• Prompt:
What you give back from the listing below should be an exact copy of the lines from the one with "işadamı laptop ile çalışır." down to the one with "ENSEMBLECOURT - Top - praline4", and it should contain no pictures.

• Records shown:
--

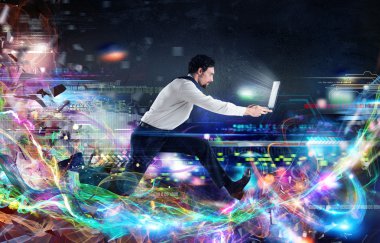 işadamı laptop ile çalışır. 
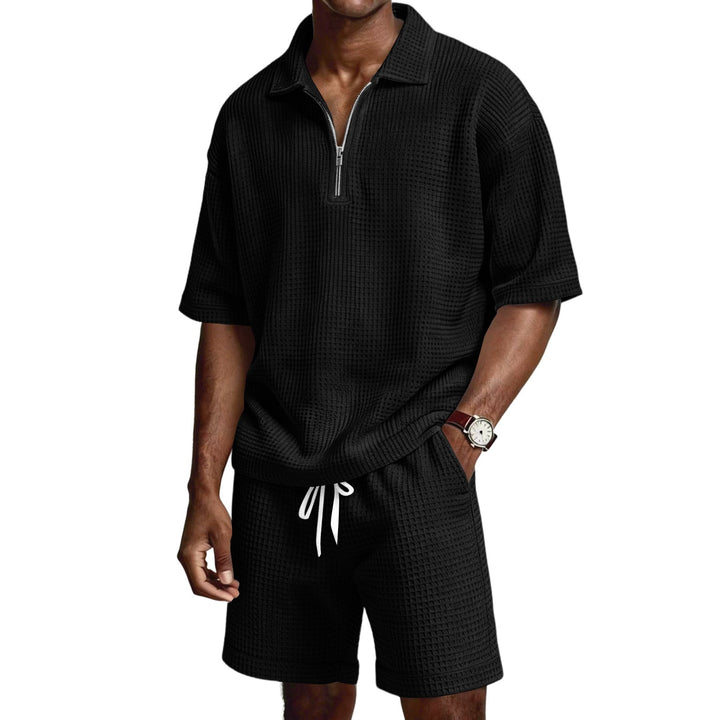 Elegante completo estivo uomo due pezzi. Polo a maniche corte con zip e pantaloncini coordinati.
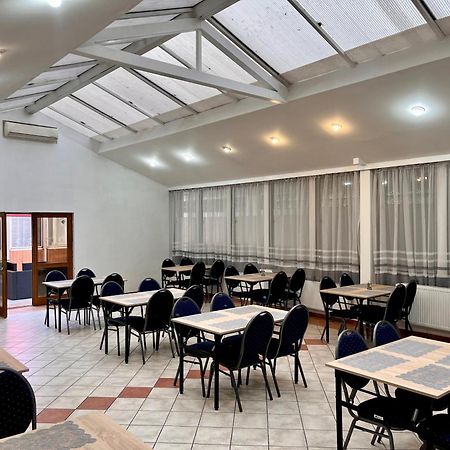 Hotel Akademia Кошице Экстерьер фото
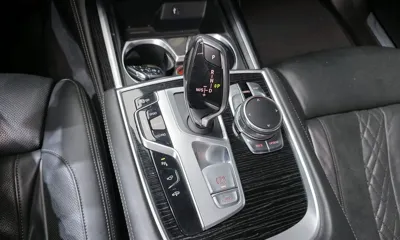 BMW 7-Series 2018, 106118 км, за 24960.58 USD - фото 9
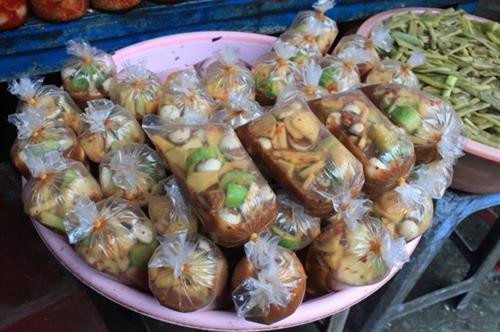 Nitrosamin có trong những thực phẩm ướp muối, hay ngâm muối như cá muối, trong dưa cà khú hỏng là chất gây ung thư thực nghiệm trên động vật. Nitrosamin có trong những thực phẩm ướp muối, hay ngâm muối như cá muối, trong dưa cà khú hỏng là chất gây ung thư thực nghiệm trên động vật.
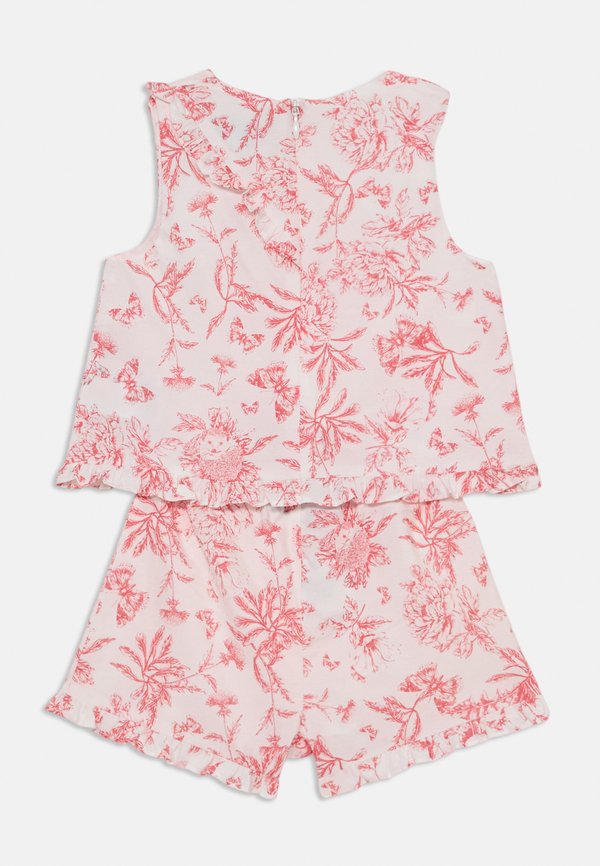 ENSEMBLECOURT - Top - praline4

--

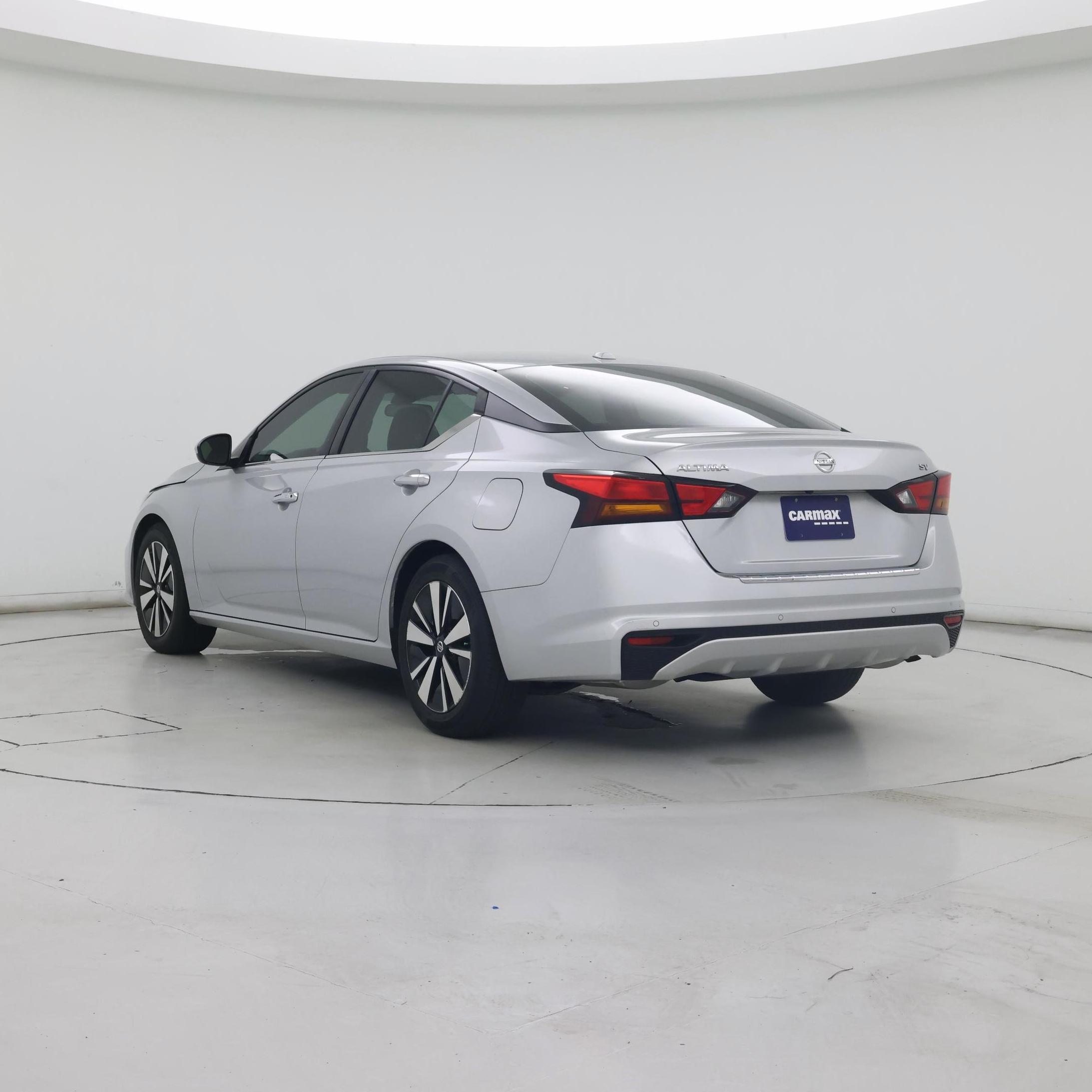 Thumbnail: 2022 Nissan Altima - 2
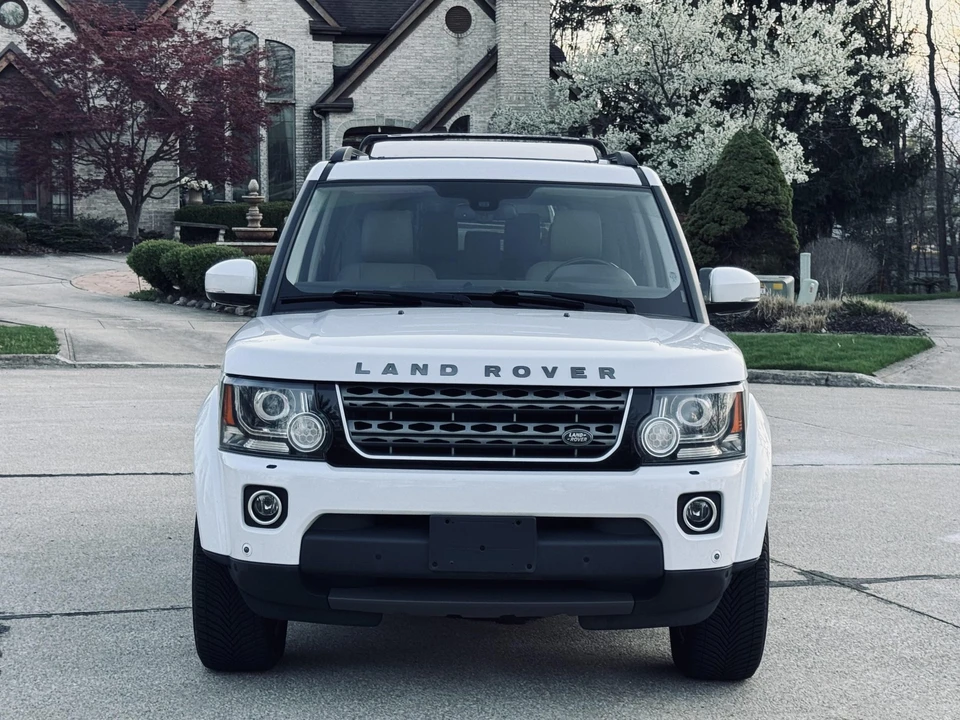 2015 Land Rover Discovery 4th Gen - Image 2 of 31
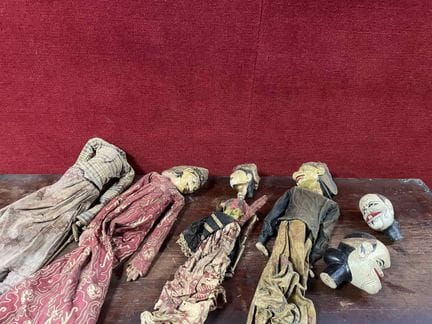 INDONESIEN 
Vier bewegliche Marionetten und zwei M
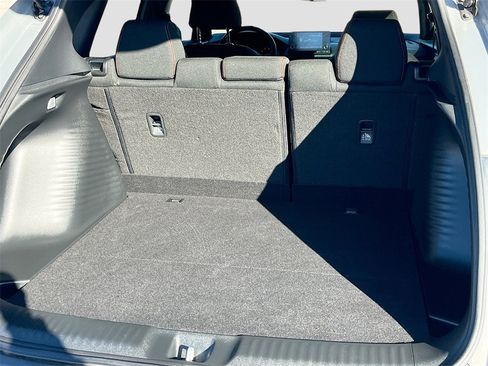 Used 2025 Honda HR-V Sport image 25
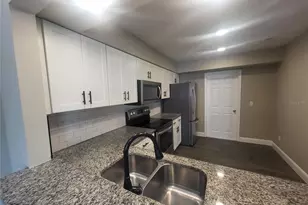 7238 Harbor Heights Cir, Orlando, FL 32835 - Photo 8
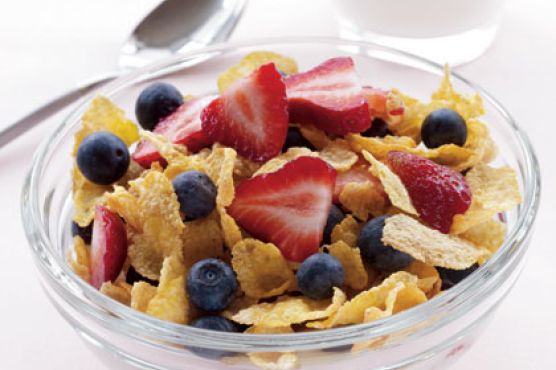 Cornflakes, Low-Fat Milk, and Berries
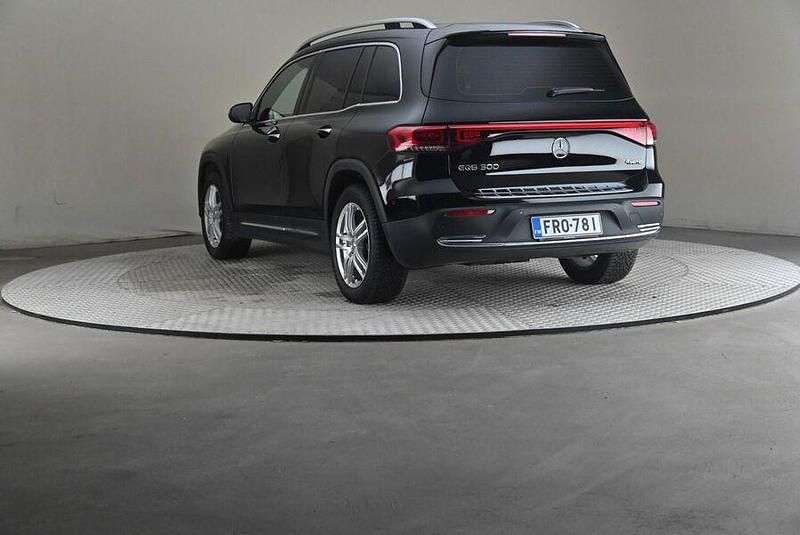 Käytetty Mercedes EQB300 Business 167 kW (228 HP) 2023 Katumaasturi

--

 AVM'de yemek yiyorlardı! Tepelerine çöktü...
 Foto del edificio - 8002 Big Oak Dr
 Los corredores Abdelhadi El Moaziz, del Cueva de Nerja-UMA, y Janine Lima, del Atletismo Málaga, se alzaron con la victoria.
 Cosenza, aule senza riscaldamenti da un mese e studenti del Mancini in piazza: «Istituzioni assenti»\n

--

• Answer to the problem:
 işadamı laptop ile çalışır. 
 Elegante completo estivo uomo due pezzi. Polo a maniche corte con zip e pantaloncini coordinati.
 Hotel Akademia Кошице Экстерьер фото
 BMW 7-Series 2018, 106118 км, за 24960.58 USD - фото 9
 Nitrosamin có trong những thực phẩm ướp muối, hay ngâm muối như cá muối, trong dưa cà khú hỏng là chất gây ung thư thực nghiệm trên động vật. Nitrosamin có trong những thực phẩm ướp muối, hay ngâm muối như cá muối, trong dưa cà khú hỏng là chất gây ung thư thực nghiệm trên động vật.
 ENSEMBLECOURT - Top - praline4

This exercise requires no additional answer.